**DATA EXTRACT:**
★ ★ ★ ★
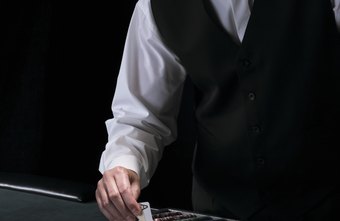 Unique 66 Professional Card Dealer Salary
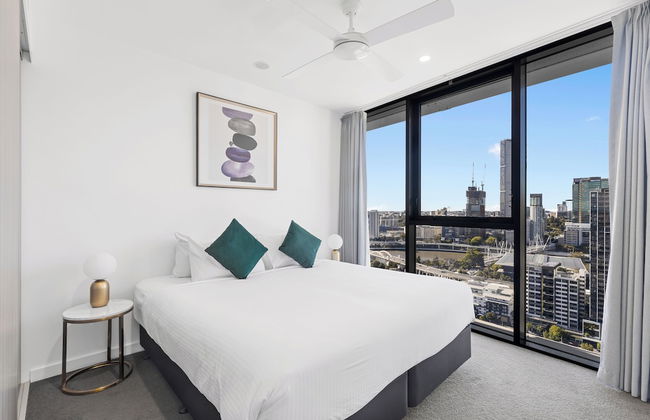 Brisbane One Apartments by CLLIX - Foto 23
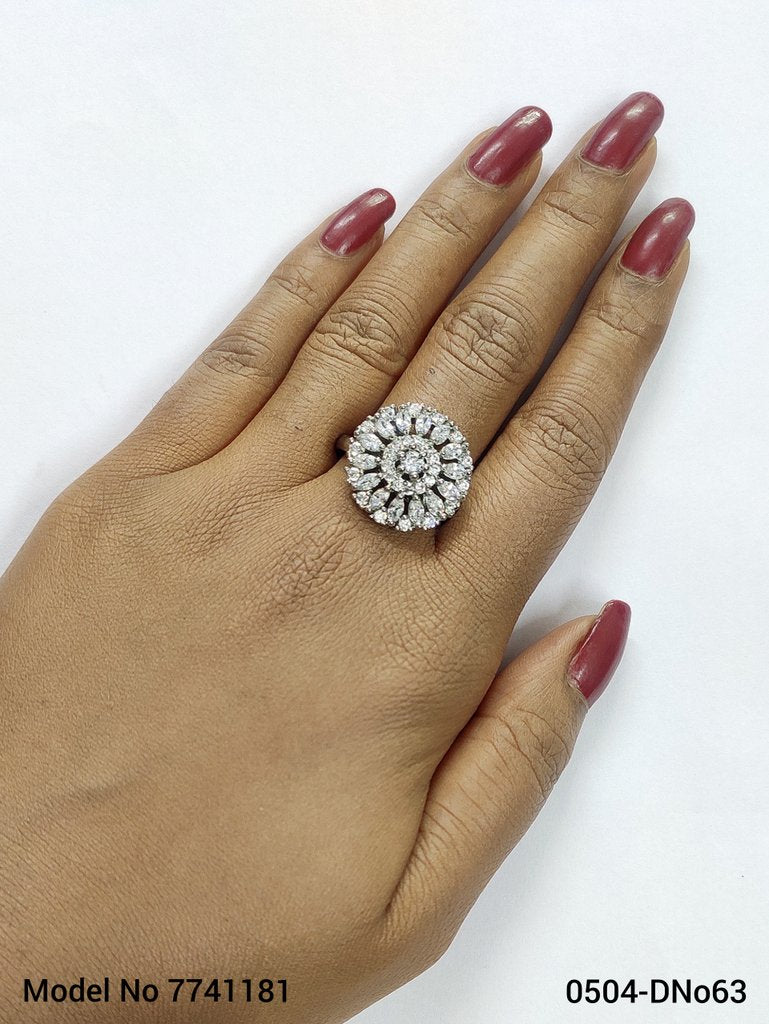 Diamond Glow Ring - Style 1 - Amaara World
★ ★ ★ ★
**YOUR OBJECTIVE:** The answer must be the listing above, restated word for word, with no images in it.

**RESPONSE:**
 Unique 66 Professional Card Dealer Salary
 Brisbane One Apartments by CLLIX - Foto 23
 Diamond Glow Ring - Style 1 - Amaara World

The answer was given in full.